土地開発公社の処理に公金6千億円超 塩漬けで借金膨張(朝日より)

土地開発公社の処理に公金6千億円超 塩漬けで借金膨張

全国の自治体の「土地開発公社」が抱える借金の処理に、6千億円超の公金が投入されるという記事。

「土地開発公社は自治体の債務保証・損失補償をバックに金融機関から金を借りて公共用地を取得する外郭団体。...だがバブル崩壊後、こうした外郭団体の事業は各地で行き詰まる。国は2009~16年度に限り、第三セクター等改革推進債(三セク債)で清算などの処理をすることを認めた。」

「朝日新聞が総務省の内部資料をもとに各自治体にアンケートや電話などで取材したところ、三セク債で土地開発公社の借金を肩代わりして解散や一部清算させた県や市町村が133あった。起債の総額は約6100億円。返済は10年以内が原則だが、岩手県北上市や埼玉県川口市、大阪府高石市など13自治体は30年で、より長期に影響が及ぶ。三セク債以外に、自治体の財源から支出したり、自治体が貸付金の回収を諦めたりした分も300億円以上あった。」

記事後半では、会計処理についてふれています。取得原価に利子を上乗せして、表面上は損失が出ないようになっているようです(記事では「簿価方式」といっています)。

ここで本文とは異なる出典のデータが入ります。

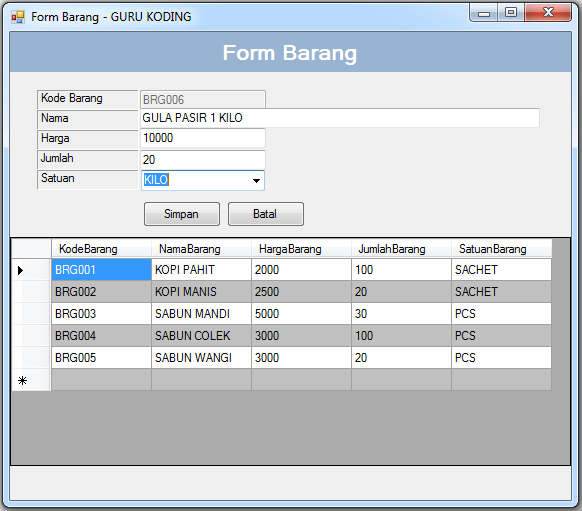 Source Code VB .NET- Inventory - Sinau Outodidak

「朝日新聞が、簿価方式をやめて表面化した損失額を各自治体に尋ねた結果、総額は2700億円を超えた。6千億円超の公金投入額の半分近くだ。実際の価値が簿価の1割未満の事例も判明。国は自治体に、簿価方式を改めたうえで三セク債を使うよう事実上求めているが、簿価方式を続ける自治体も多く、損失はより多い可能性がある。」

自治体と公社は別の組織ですから、公社の会計としては、「取得原価+利子」を自治体から回収できる限り、「簿価方式」が間違いともいえません。本来は、公社も含めた自治体の連結会計で考えるべきなのでしょう。

民間企業でも、何かのプロジェクトに必要な土地を、親密な不動産会社やゼネコンに先行取得させる例があると思いますが、企業としては簿外になっているので、注意が必要です。